Devin: Observe the world. It’s a fascinating place. There is always another person to meet, language to understand, neighborhood to walk through. Engaging with subjects that can build curiosity and further exploration is so important. To be conscious is to be aware of what is in front of us, to appreciate it for what it is, and to make use of it. We’re on a pale blue dot and we have limited time. We have to look at the bigger picture, not just the tiny rectangle on our screens, in order to find meaning and purpose.
Emma: One huge benefit of living with less that I would invite people to consider is the joy of always knowing where everything is. I would encourage those who are curious or intrigued to ask themselves whether or not they can enjoy that earned privilege.
For starters, not having repeat objects is key. For example, in our home, we have a drawer where we keep pens, and not an unlimited supply. We have a drawer where we know the screwdriver lives. Our clothes always go into the same hamper, and we organize our clothes into drawers by category. Shoes stay on the landing outside of the main living area, and we rarely ever bring them into the house. Chargers live by the charging dock. So on, and so forth.
When my boyfriend and I moved in together, each of us got rid of a series of objects that we found were repeats between the two of us. Laying out every article of clothing that I own and ruthlessly separating into ‘need/keep’ and ‘don’t need/donate or sell piles’ is something I do almost on a monthly basis. My wardrobe is a living, breathing, and constantly evolving organism.

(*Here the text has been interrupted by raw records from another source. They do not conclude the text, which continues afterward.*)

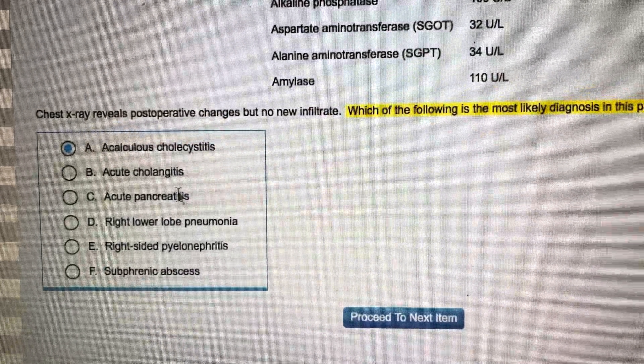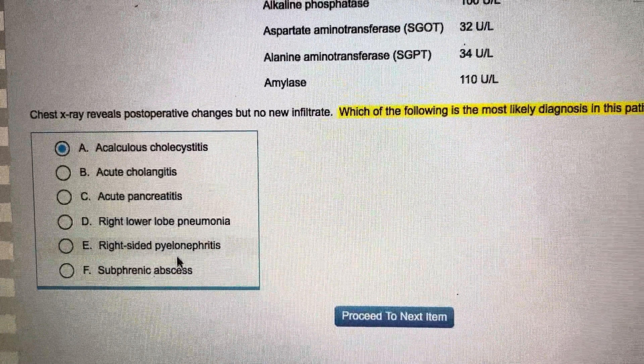Option one — acalculous cholecystitis: with acalculous cholecystitis, there is no need for a gallstone to cause gallbladder inflammation. So I'm keeping this option and not eliminating it.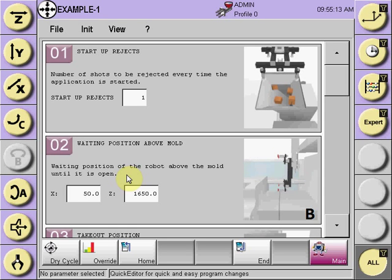Once the Quick Edit program has been taught the positions, time delays, and number of startup rejects — all the informational requirements to run the robot in automatic — prior to putting it into automatic, the program should be dry cycled.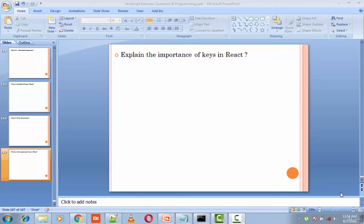Explain the importance of keys in React. Keys are used for identifying unique virtual DOM elements with the corresponding data driving the UI. They help React to optimize the rendering by recycling all the existing elements in the DOM.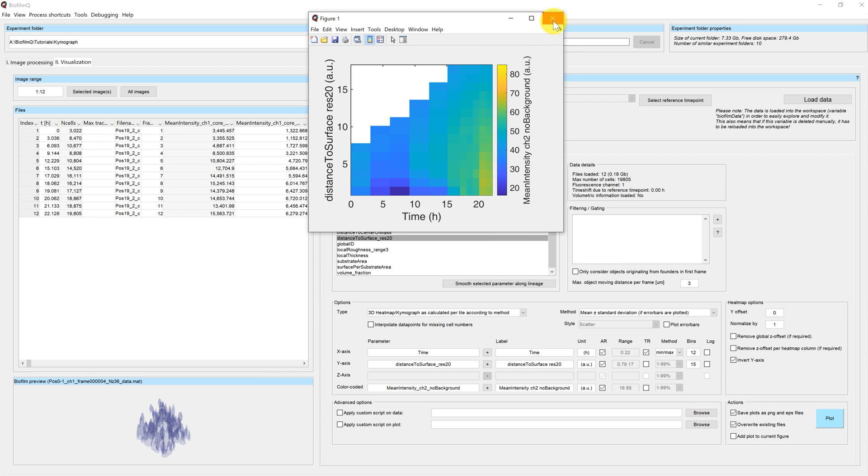So this visualization now shows you your reporter activity over time and in a spatial resolution.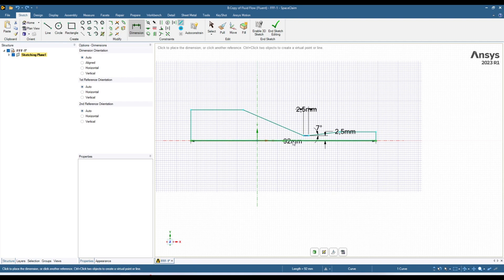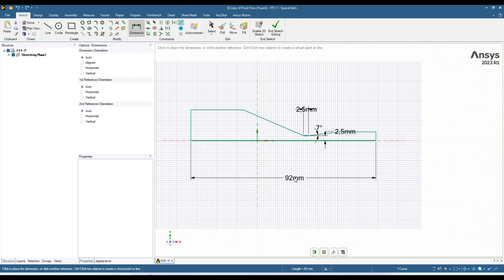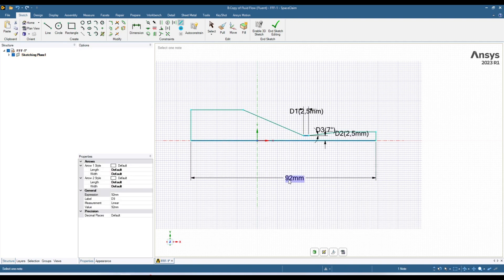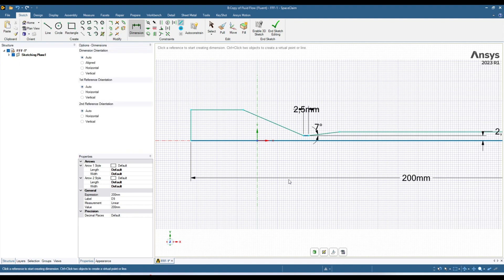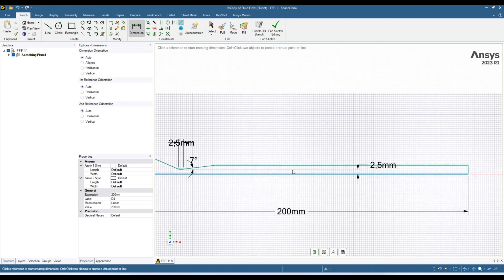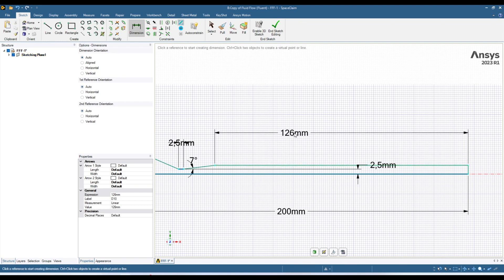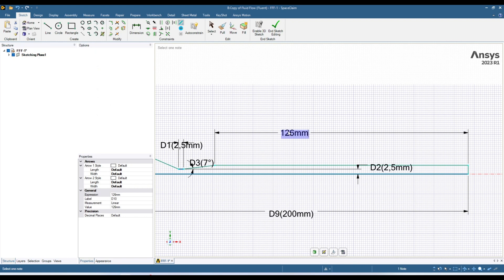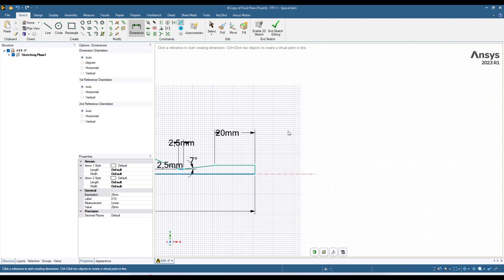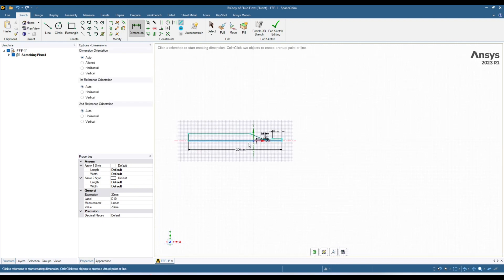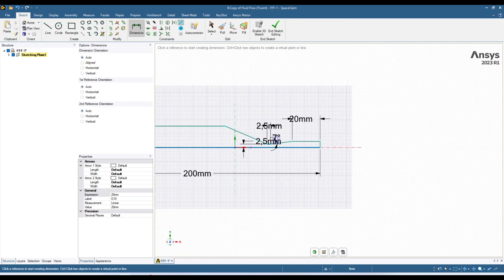Now let's change this dimension because all these lengths should fit on this line. Click over here, move down and give it a dimension of 200 — let's see if that is enough. Now I want to give this line a dimension, so click over here, move your mouse a little bit up, and I want to give it a dimension of 20.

Another thing that is so, so paramount to my ‘less’ mentality, is rigorously getting rid of paper items that aren’t absolutely essential to keep hard copies of. With online banking, I almost never keep a paper receipt unless it’s something I need reimbursed by an employer (even then, sometimes e-statements suffice). Handouts, bills, tags, warranties, contracts, etc all fall into this category, among others. That’s definitely a starting point. After that, always checking in and re- evaluating is how maintenance and betterment is achieved.
What 3 things would make our society better?
Devin: On a political level, I would advocate for more understanding. So much of what opposing political parties have come to think of the other is based on a lack of dialogue. On a social level, I would say openness to new ideas and meeting new people. Never has it been easier to communicate and yet we build barriers and roadblocks for doing so effectively. On a personal level, I hope individuals find methods of honest self assessment amidst the constant stream of nonsense thrown at us each and every day. Much of it is a distraction.
Emma: 1. Public and free health care 2. better education for the lower class 3. prison reform centered around rehabilitation and education opportunities for inmates 4. (bonus) – girls not feeling shitty about themselves and/or their bodies.
What do you hope people will come away with after watching LESS and hearing your personal journeys?
Devin: My hope is that its biggest impact is in showing people, especially young people like us, that they are not alone in trying to figure this out. The world is transforming before our eyes and in order to accommodate these changes, we have to realize the answer won’t always be to speed up with it. Slowing down, sifting through the elements of our lives and determining what is most essential, that is where we must focus our efforts. I have said before that this is no guide on how to deal with this new world. We are in uncharted territory. What an exciting time this is, though, and I remain absolutely optimistic that as our ability to create and change the world accelerates, so will our understanding of ourselves.
Emma: That living with less isn’t only about how we live our material lives. It’s about how our material and physical lives reflect and can bolster our spiritual and mental lives.